Items listed in a dataset

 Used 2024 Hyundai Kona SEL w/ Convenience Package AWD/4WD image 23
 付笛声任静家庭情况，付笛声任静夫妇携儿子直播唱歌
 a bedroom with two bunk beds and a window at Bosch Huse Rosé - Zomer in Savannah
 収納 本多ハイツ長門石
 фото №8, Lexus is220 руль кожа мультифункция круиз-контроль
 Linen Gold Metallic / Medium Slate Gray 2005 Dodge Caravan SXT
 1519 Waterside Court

Task item:
Every entry should be output again exactly as written.

Answer for this exercise:
 Used 2024 Hyundai Kona SEL w/ Convenience Package AWD/4WD image 23
 付笛声任静家庭情况，付笛声任静夫妇携儿子直播唱歌
 a bedroom with two bunk beds and a window at Bosch Huse Rosé - Zomer in Savannah
 収納 本多ハイツ長門石
 фото №8, Lexus is220 руль кожа мультифункция круиз-контроль
 Linen Gold Metallic / Medium Slate Gray 2005 Dodge Caravan SXT
 1519 Waterside Court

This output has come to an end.